44 minutes ago
Saturday, January 15, 2011
Yet another cake to add to my repertoire.
Don't be afraid of the black pepper and kosher salt in the recipe. It's a spicy cake, with allspice, ground ginger and cinnamon.
I added raisins and candied ginger to the batter and it was delicious.
The original recipe calls for a caramel glaze, but that's too rich for my blood. I am not an icing girl anyway, powdered sugar is all I ever need.
And I hope by now you own my favorite bundt pan. I have always hated baking cakes in a bundt, because they stick.
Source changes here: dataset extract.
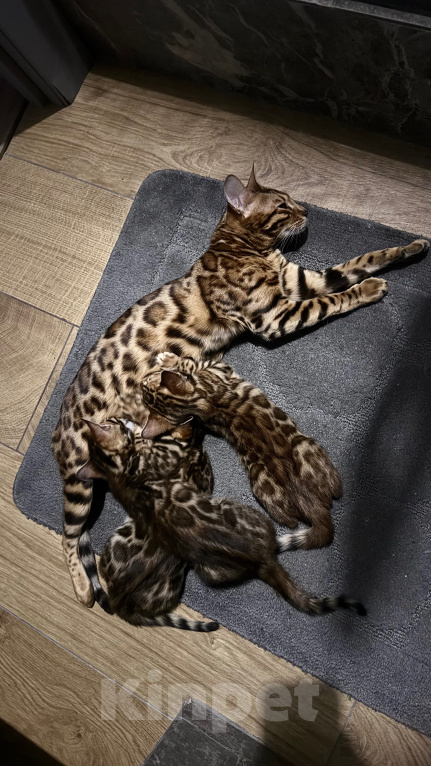 Кошки в Воронеже: Бенгальский котенок Разнополые, Бесплатно - фото 3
This pan is guaranteed success.
Applesauce Cake w/ Candied Ginger (adapted from Food52):
2 cups all-purpose flour
1 1/2 teaspoons baking soda
1 teaspoon kosher salt
1/4 teaspoon finely ground black pepper
2 teaspoons cinnamon
1 teaspoon ground ginger
1/4 teaspoon ground allspice
1/4 cup raisins
1/4 chopped candied ginger pieces
2 large eggs
1 cup sugar
1/2 cup light brown sugar
1 1/2 cups unsweetened (preferably homemade) applesauce
2/3 cup vegetable oil
1 teaspoon vanilla
Heat the oven to 350F and butter and flour a 12-cup Bundt pan. Sift together the flour, baking soda, salt, pepper and spices and set aside.
In a large mixing bowl, beat the eggs with both sugars until light. Mix in the applesauce, oil and vanilla until smooth.
Using a spatula, fold in the dry ingredients, being careful not to over-mix. Pour the batter into the prepared pan and bake for about 45 minutes, until a cake tester inserted in the center of the cake comes out clean. Cool the cake for 10 minutes and invert onto a plate.
Dust with powdered sugar. This cake gets better with age (like me!).